Sunday, May 1, 2011

Slow Erosion of Our Rights

Over the course of the past many years I have come to despise the term “For your own good” or the alternative “for the collective good”. Yesterday, Patrice Lewis of Rural Revolution wrote a column for World Net Daily (as she does every weekend) titled “Serfdom: Coming soon to a country near you”. In her column she highlights how the people of England have slowly had their rights whittled away by a government who thinks they know better (let me rephrase that: by a government who knows they know better).  As she gets deeper into the column she laments how the pinching of rights here in this country could be precursor of things to come. While she doesn’t come right out and say it, I firmly believe many of the restrictions and laws set into place in England and here fall under the banner of “for your own good”.

English history is very long and lustrous. At one time they were the rulers of a very large portion of the known world. India, chunks of China, a large swath of Southwest Asia, Africa, and of course, North America north of the Rio Grande. If one is willing to read about the history of the time they had possession of all these colonies you will see there is a very strong undercurrent of “We need to rule you because we know better”. During the time of the Empire the ruling party was the monarchy, a very select group of people descended from royalty, a very small group of ruling elite.  As the 20th century came to pass and the Empire began to pass, England moved away from the Royals as the ruling class and became a democracy of sorts. One thing did not change though. These people were still part of a small group of elites, educated at places like Oxford and Cambridge. Another thing they had in common with the royals was the very distinct feeling of being much smarter than the general population at large. This new class of elected ruling elite very much felt the masses needed their well-educated guidance to show them the proper way forward. So even though the leadership of the nation had passed from the Royals to the elected officials the mantra of “We need to rule you because we know better” did not change.

As Patrice points out, we are very rapidly moving down the same path as has happened in England. I will point out that the beginnings were different. In England they moved from a monarchy to a parliament. Here is the US our young nation was not ruled by royalty, but rather by the common man. When you look back at where some of our leaders came from in the first hundred years you can see this. Andrew Jackson and Abe Lincoln were born in log cabins and came from very humble beginnings. But as the 20th century dawned, that began to change. Elitism moved into politics. The Roosevelt’s and Woodrow Wilson came from what could be considered elite families (Wilson’s father was a well-respected minister). Each were educated at top schools, and swam in very high societal circles.

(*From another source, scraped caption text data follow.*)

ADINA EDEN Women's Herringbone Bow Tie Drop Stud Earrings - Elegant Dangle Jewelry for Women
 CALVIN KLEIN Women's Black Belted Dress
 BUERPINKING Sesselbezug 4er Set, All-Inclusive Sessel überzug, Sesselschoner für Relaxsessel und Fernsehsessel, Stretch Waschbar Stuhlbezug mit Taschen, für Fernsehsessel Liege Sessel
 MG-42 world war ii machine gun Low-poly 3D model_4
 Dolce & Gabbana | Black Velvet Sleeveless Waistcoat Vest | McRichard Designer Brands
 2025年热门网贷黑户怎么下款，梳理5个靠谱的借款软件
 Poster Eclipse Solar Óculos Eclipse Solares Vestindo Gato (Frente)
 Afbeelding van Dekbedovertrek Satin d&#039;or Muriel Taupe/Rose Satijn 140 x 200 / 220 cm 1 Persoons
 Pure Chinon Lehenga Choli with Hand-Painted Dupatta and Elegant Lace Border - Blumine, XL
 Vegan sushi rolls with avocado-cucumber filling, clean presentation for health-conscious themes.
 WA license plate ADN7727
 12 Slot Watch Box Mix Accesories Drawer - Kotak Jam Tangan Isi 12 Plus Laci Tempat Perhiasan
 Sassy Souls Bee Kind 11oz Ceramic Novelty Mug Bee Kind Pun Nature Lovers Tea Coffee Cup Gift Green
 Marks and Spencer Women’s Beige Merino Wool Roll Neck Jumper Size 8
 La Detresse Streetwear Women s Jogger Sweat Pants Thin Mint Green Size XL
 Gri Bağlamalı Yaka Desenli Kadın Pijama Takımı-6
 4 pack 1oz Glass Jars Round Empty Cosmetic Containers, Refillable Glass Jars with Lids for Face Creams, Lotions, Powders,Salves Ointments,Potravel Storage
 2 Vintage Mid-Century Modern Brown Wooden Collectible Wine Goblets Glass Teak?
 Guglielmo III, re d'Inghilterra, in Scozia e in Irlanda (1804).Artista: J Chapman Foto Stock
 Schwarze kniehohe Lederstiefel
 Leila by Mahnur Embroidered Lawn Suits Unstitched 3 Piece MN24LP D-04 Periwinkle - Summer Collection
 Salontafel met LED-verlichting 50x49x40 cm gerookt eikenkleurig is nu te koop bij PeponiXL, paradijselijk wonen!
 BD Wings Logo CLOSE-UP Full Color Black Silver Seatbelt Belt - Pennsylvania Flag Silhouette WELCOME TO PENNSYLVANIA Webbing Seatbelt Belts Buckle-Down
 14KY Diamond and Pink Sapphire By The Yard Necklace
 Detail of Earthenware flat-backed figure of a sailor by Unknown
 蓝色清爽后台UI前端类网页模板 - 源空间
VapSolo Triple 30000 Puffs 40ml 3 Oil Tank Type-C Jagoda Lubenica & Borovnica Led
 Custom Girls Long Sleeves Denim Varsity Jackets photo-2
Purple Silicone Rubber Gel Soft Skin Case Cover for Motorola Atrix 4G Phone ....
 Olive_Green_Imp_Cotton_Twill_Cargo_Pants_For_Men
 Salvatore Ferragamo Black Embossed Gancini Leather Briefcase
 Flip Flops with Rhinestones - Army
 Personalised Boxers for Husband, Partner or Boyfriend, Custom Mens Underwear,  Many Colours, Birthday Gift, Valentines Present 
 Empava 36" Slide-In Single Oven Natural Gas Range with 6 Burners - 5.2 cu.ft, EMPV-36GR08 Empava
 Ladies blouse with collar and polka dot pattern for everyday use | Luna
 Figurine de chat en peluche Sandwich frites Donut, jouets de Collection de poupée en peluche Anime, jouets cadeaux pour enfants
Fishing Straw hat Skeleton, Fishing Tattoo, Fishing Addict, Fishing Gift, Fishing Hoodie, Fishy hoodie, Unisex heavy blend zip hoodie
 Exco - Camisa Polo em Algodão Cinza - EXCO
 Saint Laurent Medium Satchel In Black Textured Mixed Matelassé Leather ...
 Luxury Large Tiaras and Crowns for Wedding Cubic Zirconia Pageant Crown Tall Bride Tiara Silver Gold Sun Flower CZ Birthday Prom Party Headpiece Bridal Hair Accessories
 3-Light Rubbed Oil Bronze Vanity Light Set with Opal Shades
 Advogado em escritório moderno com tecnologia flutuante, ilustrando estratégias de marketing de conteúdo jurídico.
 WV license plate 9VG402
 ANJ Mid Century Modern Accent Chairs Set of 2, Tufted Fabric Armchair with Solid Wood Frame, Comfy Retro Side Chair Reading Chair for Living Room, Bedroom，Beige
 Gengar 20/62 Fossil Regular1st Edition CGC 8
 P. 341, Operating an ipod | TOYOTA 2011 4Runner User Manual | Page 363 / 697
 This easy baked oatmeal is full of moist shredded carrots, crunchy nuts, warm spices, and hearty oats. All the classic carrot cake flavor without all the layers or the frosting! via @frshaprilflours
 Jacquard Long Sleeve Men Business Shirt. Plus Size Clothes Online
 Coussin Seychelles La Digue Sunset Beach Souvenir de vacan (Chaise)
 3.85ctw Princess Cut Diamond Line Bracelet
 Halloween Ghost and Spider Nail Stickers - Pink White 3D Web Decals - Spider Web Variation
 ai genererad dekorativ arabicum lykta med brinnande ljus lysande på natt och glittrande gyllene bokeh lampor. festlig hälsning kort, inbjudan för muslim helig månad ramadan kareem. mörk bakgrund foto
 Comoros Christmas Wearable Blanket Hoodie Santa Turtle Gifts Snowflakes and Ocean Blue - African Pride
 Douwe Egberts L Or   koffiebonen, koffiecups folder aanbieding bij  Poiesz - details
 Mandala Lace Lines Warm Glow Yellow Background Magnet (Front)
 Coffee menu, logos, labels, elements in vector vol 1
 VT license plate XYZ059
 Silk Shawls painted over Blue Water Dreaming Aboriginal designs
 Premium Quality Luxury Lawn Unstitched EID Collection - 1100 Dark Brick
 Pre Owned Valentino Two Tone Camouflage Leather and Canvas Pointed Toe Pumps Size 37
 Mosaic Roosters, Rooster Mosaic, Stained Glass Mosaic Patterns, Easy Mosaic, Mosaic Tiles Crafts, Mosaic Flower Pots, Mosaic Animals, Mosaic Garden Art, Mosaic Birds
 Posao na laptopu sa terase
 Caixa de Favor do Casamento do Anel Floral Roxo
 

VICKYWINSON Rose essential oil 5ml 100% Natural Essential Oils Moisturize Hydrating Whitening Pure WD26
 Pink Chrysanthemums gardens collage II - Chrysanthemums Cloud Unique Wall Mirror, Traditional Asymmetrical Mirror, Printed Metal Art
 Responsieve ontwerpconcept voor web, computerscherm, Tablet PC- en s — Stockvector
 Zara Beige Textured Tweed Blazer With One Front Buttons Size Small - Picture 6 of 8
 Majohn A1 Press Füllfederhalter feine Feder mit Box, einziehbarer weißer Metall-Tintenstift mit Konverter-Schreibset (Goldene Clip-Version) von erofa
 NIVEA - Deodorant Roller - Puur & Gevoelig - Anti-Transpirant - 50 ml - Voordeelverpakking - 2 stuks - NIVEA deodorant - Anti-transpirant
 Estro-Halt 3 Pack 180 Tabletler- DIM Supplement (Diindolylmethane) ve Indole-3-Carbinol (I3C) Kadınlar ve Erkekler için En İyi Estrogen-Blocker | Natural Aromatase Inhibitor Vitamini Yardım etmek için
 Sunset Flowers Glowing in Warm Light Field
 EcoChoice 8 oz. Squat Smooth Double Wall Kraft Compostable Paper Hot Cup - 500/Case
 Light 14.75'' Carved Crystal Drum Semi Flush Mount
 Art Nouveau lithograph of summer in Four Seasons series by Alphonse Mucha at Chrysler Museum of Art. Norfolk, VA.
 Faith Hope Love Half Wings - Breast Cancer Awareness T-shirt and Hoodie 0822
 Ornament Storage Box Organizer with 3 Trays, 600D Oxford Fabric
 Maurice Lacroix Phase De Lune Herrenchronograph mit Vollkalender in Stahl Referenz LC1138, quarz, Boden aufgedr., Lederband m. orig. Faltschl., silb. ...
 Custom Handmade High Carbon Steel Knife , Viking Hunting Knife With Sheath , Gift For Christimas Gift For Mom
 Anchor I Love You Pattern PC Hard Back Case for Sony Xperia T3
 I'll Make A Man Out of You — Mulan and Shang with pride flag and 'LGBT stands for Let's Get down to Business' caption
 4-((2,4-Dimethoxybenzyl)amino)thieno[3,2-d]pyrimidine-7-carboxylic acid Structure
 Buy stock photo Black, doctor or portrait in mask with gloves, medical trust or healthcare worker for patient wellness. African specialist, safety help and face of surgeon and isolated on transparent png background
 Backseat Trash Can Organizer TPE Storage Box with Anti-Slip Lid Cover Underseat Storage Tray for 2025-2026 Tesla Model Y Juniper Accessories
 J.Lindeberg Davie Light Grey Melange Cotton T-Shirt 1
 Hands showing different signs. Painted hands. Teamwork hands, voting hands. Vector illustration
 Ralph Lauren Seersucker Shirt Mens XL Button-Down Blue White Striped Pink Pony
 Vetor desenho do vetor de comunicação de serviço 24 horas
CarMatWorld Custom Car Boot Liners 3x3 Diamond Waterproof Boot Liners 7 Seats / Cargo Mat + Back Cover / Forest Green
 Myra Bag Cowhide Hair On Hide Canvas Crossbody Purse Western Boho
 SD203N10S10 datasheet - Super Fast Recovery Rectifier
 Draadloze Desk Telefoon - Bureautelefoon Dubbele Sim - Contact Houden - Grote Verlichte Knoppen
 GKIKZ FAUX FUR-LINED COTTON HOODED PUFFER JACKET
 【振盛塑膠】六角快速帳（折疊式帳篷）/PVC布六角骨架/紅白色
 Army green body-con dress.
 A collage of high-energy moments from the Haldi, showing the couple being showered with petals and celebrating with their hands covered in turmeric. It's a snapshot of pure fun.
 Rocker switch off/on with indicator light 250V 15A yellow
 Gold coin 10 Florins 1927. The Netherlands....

Each of these men are the modern progressive’s heroes. Wilson was really the first to start push the government into economics and society. Wilson strongly felt “that the Founders had done badly by depriving the US government of the power to reshape American society” (Source: American Spectator). Wilson was also responsible for the Federal Reserve, which was the beginning of the end for the gold standard (FDR’s contribution).  Teddy Roosevelt is considered by many as the founder of the environmental movement.  FDR implemented many, many policies under his New Deal that forever put Americans at the mercy of the government.  As always, the common thread throughout these policies was a feeling they knew better than the masses.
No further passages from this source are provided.